The auditorium was pretty full. Maybe 150 people or more and I got nothing. Literally, I have a pad of paper and a felt pen.
They introduce me and as I’m walking down the very long aisle, it hits me. Let’s turn this into a real brainstorming session.
I tell the audience that we’re going to create a problem, a solution and a brand marketing platform… All in one hour.
I tell them that this is a very condensed version of what startups go through to first find a hole in the universe, figure out a way to fill it and then build out the company brand from scratch and create all the messaging. In reality, this can take months or years and we’re going to it in one hour.
I start out asking about that hole in the universe. A problem that nobody has solved yet but there could be a great market for a solution. Hands shot up, things shouted out. I take notes. We come up with a half dozen problems and I take a vote.
Then I ask, what does the solution look like. More hands and great ideas. We decide on the problem and the solution.
OK, great. Now we have a startup concept… Let’s give it some life.
I tell the left side of the room that they’re the business people and it’s their obligation to make sure the creative solution is right. I tell the right side that they’re the agency creatives and they have to come up with the right ideas to brand the upstart and sell it.
This is where the fun started.
The creative side first came up with company names and the business side threw out reasons why the names wont work.
Welcome to my world.
“For every action there is an equal and opposite reaction.”
The law of the universe. For every great idea there is a reason why it’s a terrible idea. The goal for a creative type is to have skin thick enough to let it run off your back and keep going.
Personally, I always invite push-back in my presentations. If I can’t defend an idea, it deserves to go away.
So the room battles back and forth until we come up with a name everyone can agree with. Just like in real life.
Then we start with the marketing language and concepts. Some are great. Some are terrible. Some are just bland and I divide them up without anyone noticing how they’re divided. I’m writing them on big sheets of paper and taping them up on the wall behind me.
When I do my brainstorming sessions with clients, I use a lot of paper and put everything up on the walls so you can see it all at once. PowerPoint can’t do that.
And there will always be terrible ideas thrown out but I don’t kill anything right away. I let it die away behind the better stuff.
So as we came to the end of the hour, we’d developed a new company, built out a basic brand messaging system and full advertising campaign, complete with basic marketing plan aimed at our market personas.
Everyone involved loved it. I actually got several new clients from that day and people who’d swear they don’t have a creative bone in their body realized they have great ideas hiding in their heads.
What I learned was you can take any random room full of people and given the right guidance, they can solve big problems and have fun at the same time.
Brainstorming can be wonderful or terrible, depending on how it’ managed. I was in a brainstorming session recently and one person brought nothing to the table other than how bad he thought every idea was. I called for a break and talked to him privately. The goal of the meeting was to come up with ideas and not kill them instantly.

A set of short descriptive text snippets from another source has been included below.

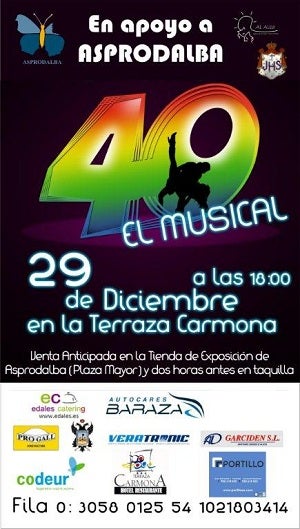 El grupo de teatro ‘Al Alba’ interpretará el Musical Los 40 el próximo sábado en apoyo a Asprodalba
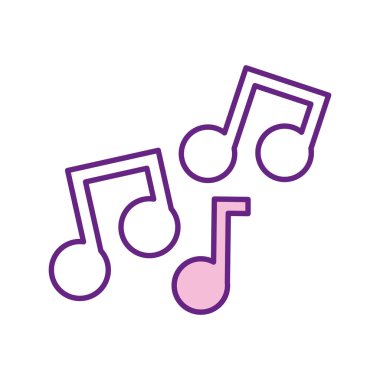 İzole müzik notaları satır biçimi vektör tasarımı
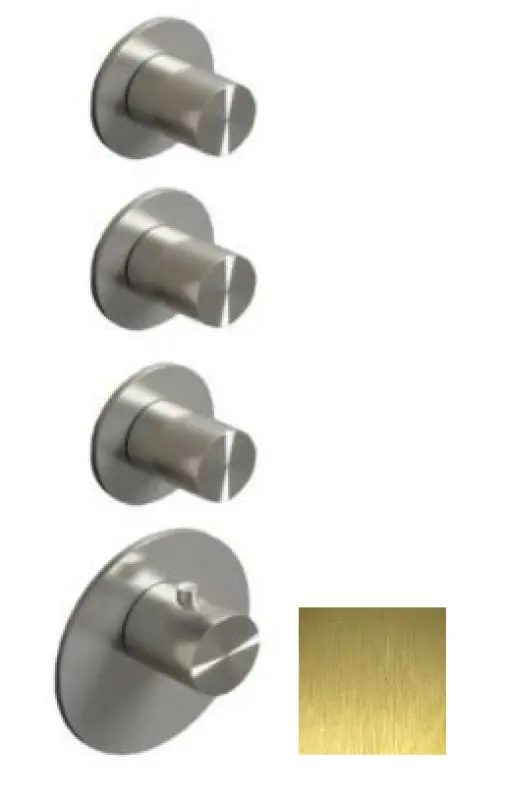 SB 316 AESTHETICS Rund Inbyggnadstermostatkran med 3 utlopp/ 3x stoppkran PVD borstad guld 1208954966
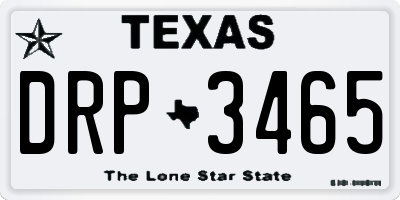 TX license plate DRP3465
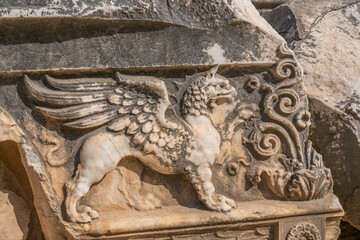 Turkey Aydin Province Didim District Didyma Apollon Temple Ruins Columns Worship and Prophecy Point and the Guardian of the Temple Medusa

I don’t know if he really understood that but he didn’t say much after that and things went smoothly.
A good brainstorming session requires a mediator that understands the process. As a Creative Director in my own and other’s agencies, I had to run this process hundreds of times. Bringing business people, creatives and the like into a room to make something out of nothing.
The secret? There are no bad ideas… RIGHT NOW. We’ll put everything up on the wall and then go back through and pull down the things that don’t fit. The bad ideas will fade away, but everyone will have a say and ownership.